Intervention de Maud Petit

Réunion du mercredi 14 avril 2021 à 15h00
Commission des affaires culturelles et de l'éducation

Photo issue du site de l'Assemblée nationale ou de WikipediaMaud Petit :

À travers cette proposition de loi, il nous est proposé de débattre de la pertinence de réformer la rétribution des droits d'auteur et des droits voisins afin de lutter plus efficacement contre la précarité des professionnels des arts et de la culture. Concrètement, le texte prévoit qu'à compter du décès de l'artiste-auteur, les droits sur l'œuvre seront partagés à 50 % entre ses ayants droit et le nouveau domaine public commun. Ce dispositif aurait pour but de financer la protection sociale des métiers artistiques tout en soutenant la création.

Le groupe Démocrate est très attaché à la défense de la propriété intellectuelle, dont dépend la juste rémunération des artistes-auteurs, donc la pérennité du processus de création. Nous avons été à l'initiative de la loi du 24 juillet 2019 visant à créer un droit voisin au profit des agences de presse et des éditeurs de presse, qui contraint les diffuseurs et les plateformes en ligne à rémunérer les producteurs pour les contenus qu'ils créent et que les GAFAN utilisent. Nous sommes attachés au droit d'auteur et aux droits voisins parce qu'ils contribuent au maintien d'un cercle vertueux de la production artistique. Ils contribuent déjà au financement de la création par l'intermédiaire de la rémunération pour copie privée.

Il est vrai que la crise sanitaire fragilise la situation parfois précaire de ces artistes‑auteurs. Des mesures fortes du Gouvernement viennent les épauler : le plan de relance prévoit de leur consacrer 50 millions d'euros ; un fonds d'urgence spécifique de 17 millions d'euros a été décidé ; le seuil requis afin de conserver leurs droits à la sécurité sociale, au congé maternité et aux congés maladie a été modifié.

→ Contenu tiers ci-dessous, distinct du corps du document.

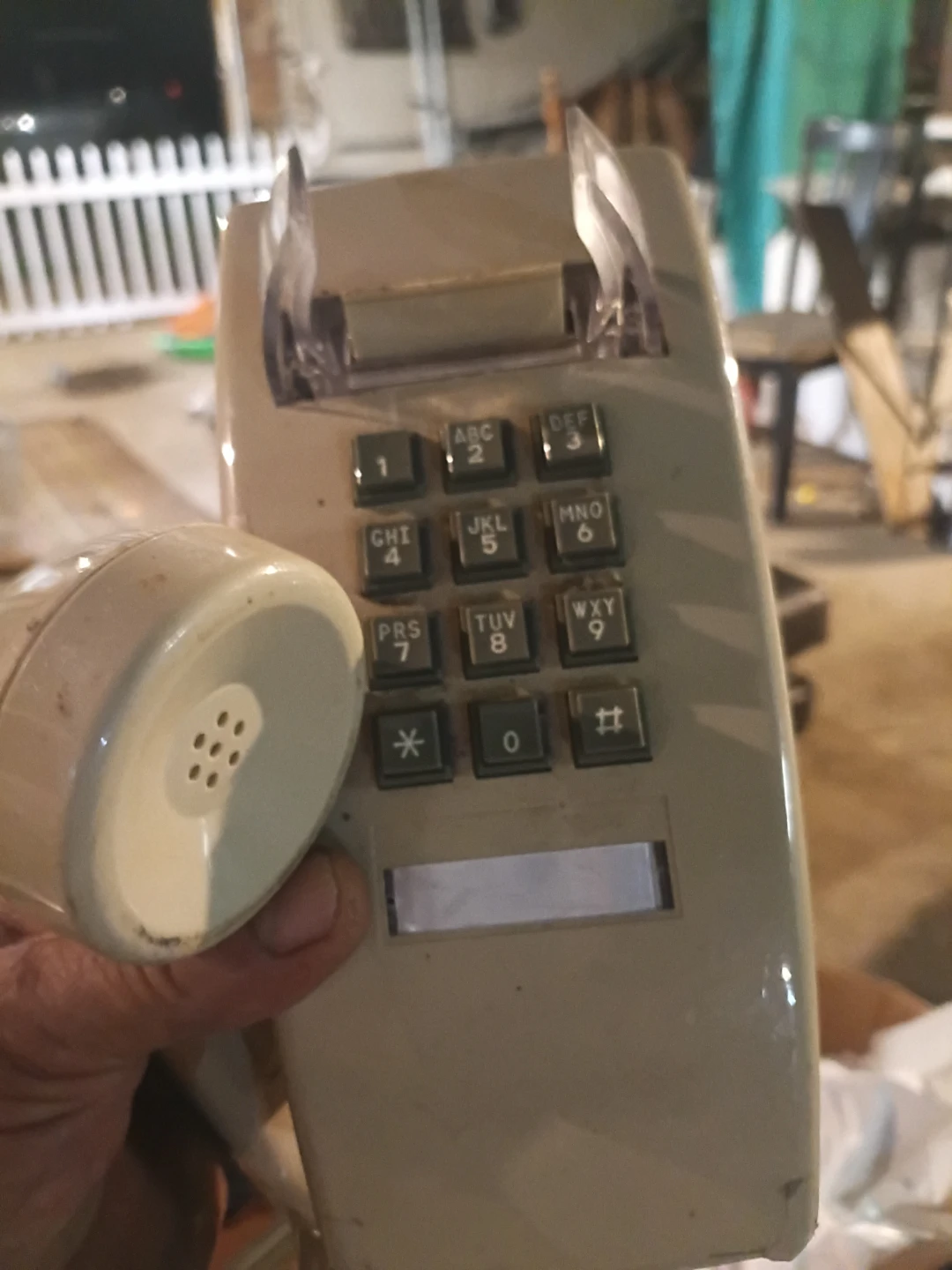 Vintage Beige Rotary Dial Telephone - photo 2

Sur la forme, des discussions auraient dû être menées avant de proposer un tel changement. Vous n'avez de cesse de réclamer de la concertation, à juste titre, mais vous faites fi de l'avis des représentants des ayants droit, très majoritairement hostiles à votre proposition.

Sur le fond, vous proposez la création d'un domaine public commun. Cette idée ne nous paraît pas adéquate pour lutter contre la précarisation des publics concernés. Vous remettez en cause le bien-fondé de la temporalité des bénéfices pour les ayants droit après le décès de l'auteur. À la différence du droit de propriété, qui est perpétuel, les droits de propriété intellectuelle sont temporaires pour garantir à tous l'accès aux œuvres par la suite. Cette temporalité compense les faibles rémunérations des artistes-auteurs, que vous dénoncez. C'est la précarité qui justifie le maintien des droits après la disparition de l'auteur, prévu par diverses conventions internationales.

Nous soutenons le dispositif actuel, qui reflète un compromis équilibré entre le respect du droit de propriété, et donc des intérêts privés, et le respect du principe de libre circulation des œuvres qui permet un accès à la culture du grand public.

Votre proposition dénonce une privatisation des œuvres alors que la nouvelle directive sur les droits d'auteur garantit l'accès des productions au grand public. À l'heure du streaming audio et vidéo, les nouvelles pratiques numériques permettent d'accéder à l'ensemble des catalogues et constituent une incroyable révolution pour l'accès aux œuvres.

Rappelons que les droits d'auteur et les droits voisins bénéficient d'une protection constitutionnelle. Appliquer votre dispositif semble inenvisageable, puisqu'il affecterait une grande partie des droits de propriété intellectuelle reversés aujourd'hui. Il contreviendrait également aux engagements internationaux de la France, notamment la convention de Berne et le droit européen. Notre groupe ne votera pas cette proposition de loi.